Accompanied by a jazzy orchestral score and a scat trio of singers, we see the true state of the couple's life. Amidst the daily lunches and appointments are scattered lies, selfishness, sexism, and a sad recognition that life is not like an island paradise movie. Their son, Junior, seems to be unimportant, if not a mere figment of the social imagination. As their neighbours pretend that suburban life is perfect, we begin to wonder how many more marriages in fifties suburbia undergo the same process of lies and the pretence at normality. Sam and Dinah's jazzy, gossipy neighbours even have their eye on the audience.
Set in an era of consumerism, anti-communism and the Beat generation, this opera shows us the hurdles which married life must overcome, all the while to a West Side Story-esque score. It challenges our social perceptions while offering something for everyone: whether you like Maria Callas or Michael Buble, this show will never disappoint.
- November 2008
This is one of Puccini's most beautiful and intimate operas. Written as the middle act of his Il Trittico, Suor Angelica was Puccini's personal favourite of the three.
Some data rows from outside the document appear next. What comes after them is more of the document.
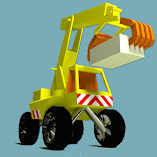 تنزيل-لعبة-the-little-crane-that-could.webp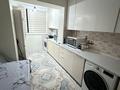 3-бөлмелі пәтер · 72.8 м² · 2/5 қабат, 29-й мкр, 29-ш/а. 20, бағасы: 21.5 млн ₸ в Актау — фото 11
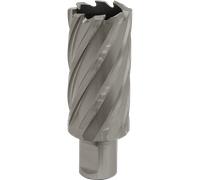 Sealey Rotabor Weldon Shank HSS Mag Drill Cutter 31mm 50mm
Set in a convent in the latter part of the 17th Century, it tells the story of Sister Angelica who was sent from her family in disgrace some years earlier. The opera begins with the day-to-day life of the nuns, interrupted by the arrival of The Princess, Sister Angelica's Aunt. The Princess has come to inform Sister Angelica that her sister is to be married and that she must renounce her claim to the family inheritance. Sister Anglica asks after her son, only to be told he is dead. Overcome with grief, Sister Angelica kills herself; the opera ends with a vision of her son appearing before her surrounded by light. The cast of 14 sopranos and altos is made up from the very best young singers from the Cambridge Chapel Choirs and London Conservatories, and the production team is highly experienced.